GIVEN DATA:
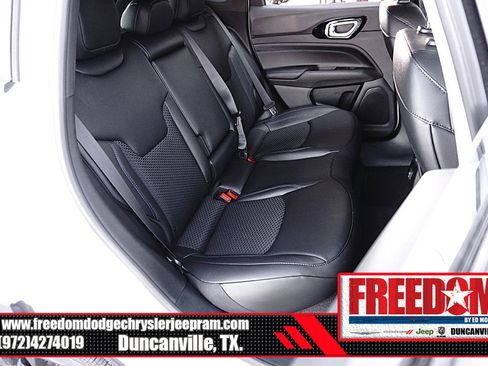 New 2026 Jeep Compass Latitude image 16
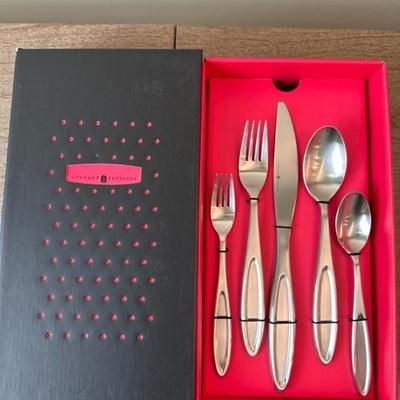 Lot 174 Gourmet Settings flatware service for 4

* * *

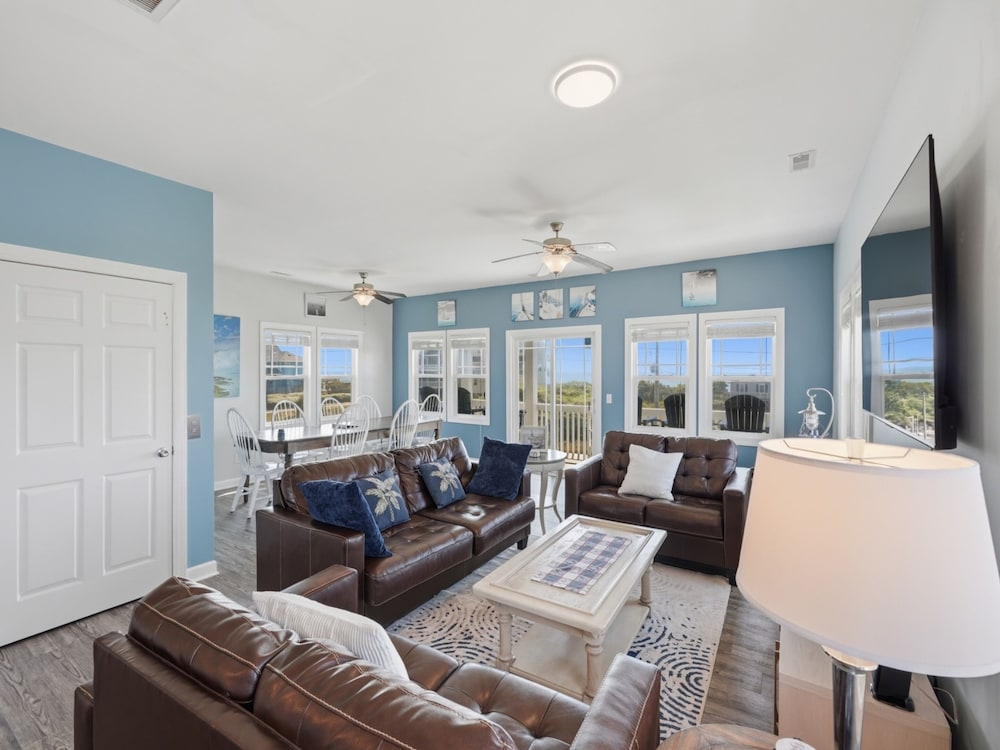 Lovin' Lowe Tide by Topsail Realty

* * *

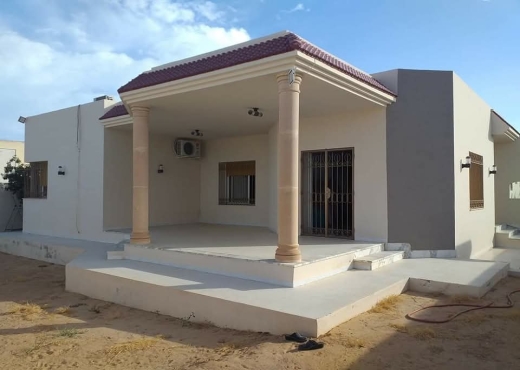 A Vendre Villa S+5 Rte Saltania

WHAT THIS TASK INVOLVES:
The reply should hold exactly the lines above, starting at the line with "New 2026 Jeep Compass Latitude image 16" and ending at the line with "Lot 174 Gourmet", and no pictures.

SOLVED PROBLEM:
 New 2026 Jeep Compass Latitude image 16
 Lot 174 Gourmet Settings flatware service for 4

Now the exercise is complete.